BY CHRISTINA FARRELL
A Catholic parishioner whose car was clamped while she was at Mass with her two young sons has thanked her fellow parishioners for helping her “to face down a difficult situation”.
Liz Nelson was at Sunday morning Mass at SS Philip and James’s, Herne Hill, south London, when her car was ticketed by a Lambeth council traffic warden.
When she asked why she had been fined, he replied that her tyres were “over the kerb”. Within minutes of returning to Mass, a parishioner warned Mrs Nelson that her Volkswagen Sharan people carrier was then being hoisted on to a clamping truck.
She again ran out and this time jumped into her car, locking the doors to prevent it from being taken, as parish priest Fr James Spencer and other parishioners remonstrated with the clampers.
Mrs Nelson refused to budge and at midday, after a protracted argument, Lambeth council executives were called. A deal was struck and Mrs Nelson was given a £100 fine, reduced to £50 for prompt payment.
Speaking to The Catholic Herald this week, Fr Spencer said Mrs Nelson had written to him to thank parishioners for their support and for giving her the courage to stand up to the council officers.
“I think it shows that the council are interested, not so much in keeping the roads clear and enforcing parking restrictions, but in making money,” he said. “It was totally farcical. The funny thing was that when the tow truck came to take the car, it too had two wheels on the kerb, which was what Mrs Nelson was accused of.
“When the police turned up, they did the same.” In an interview with the Evening Standard Mrs Nelson said there had been no account shown for the fact that she was at Mass with her children — sons Luke, three, and Charlie, five, who had been distressed by the incident. “I was outraged. They showed no consideration,” she said.
“I had explained to the attendant that I was in church. Why didn’t he have the decency to tell me he’d summoned a tow truck?
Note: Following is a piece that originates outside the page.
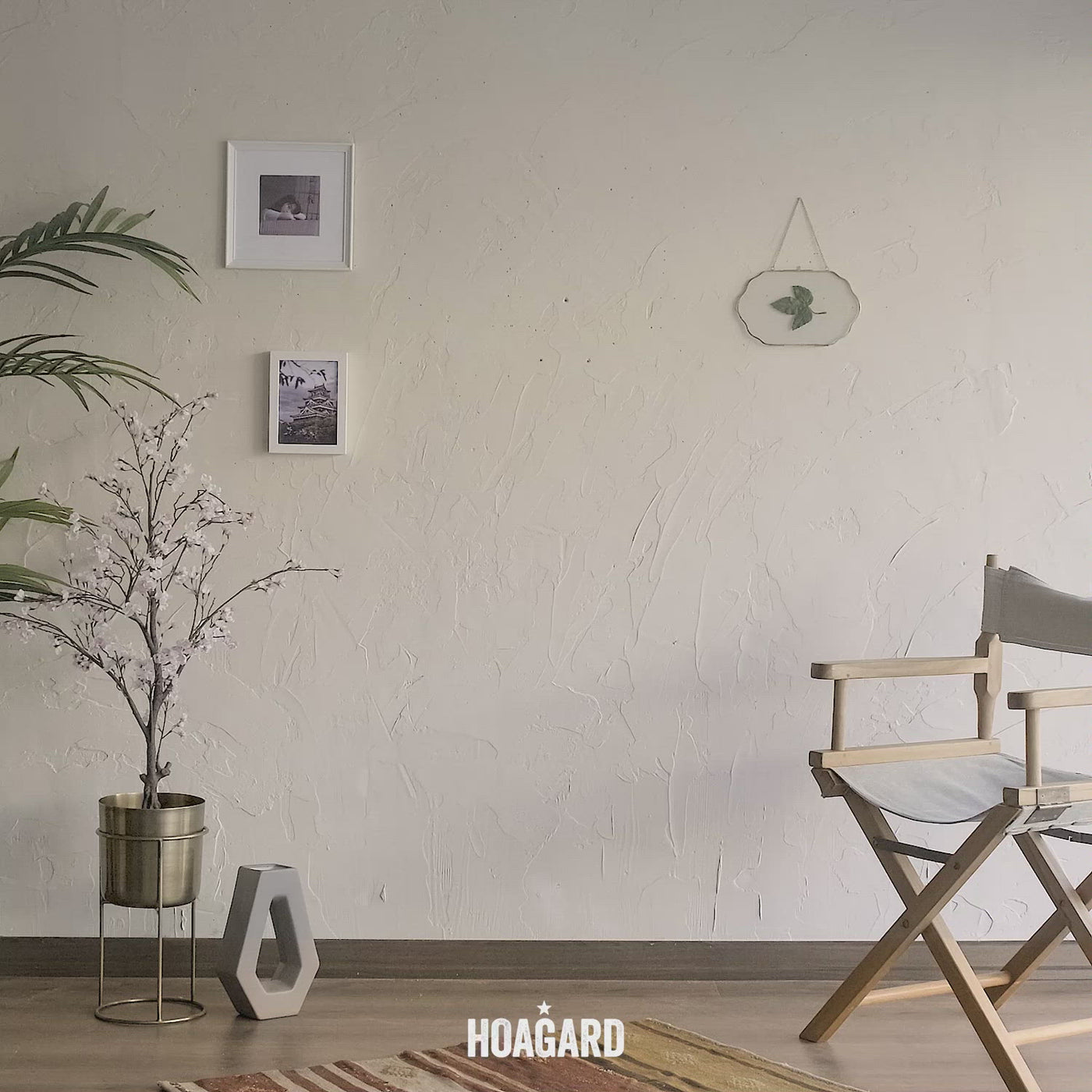 Macramé en métal inégal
Lambeth’s actions were out of all proportion and the clampers showed no mercy.” She also accused the council of seeking simply to “maximise money” rather than dealing sensibly and sensitively with the situation.
“It would have cost more than £200 to get the car back and would have ruined our weekend,” she explained. “I was furious.
“I was on the kerb but with plenty of room to get past,” she said. “I parked carefully to make sure the road was clear.” A council spokesman offered no apology and insisted that the ticket had been correctly issued by the wardens.
“Blocking the pavement, as every driving-licence holder should know, is a 24-hour offence,” the spokesman said.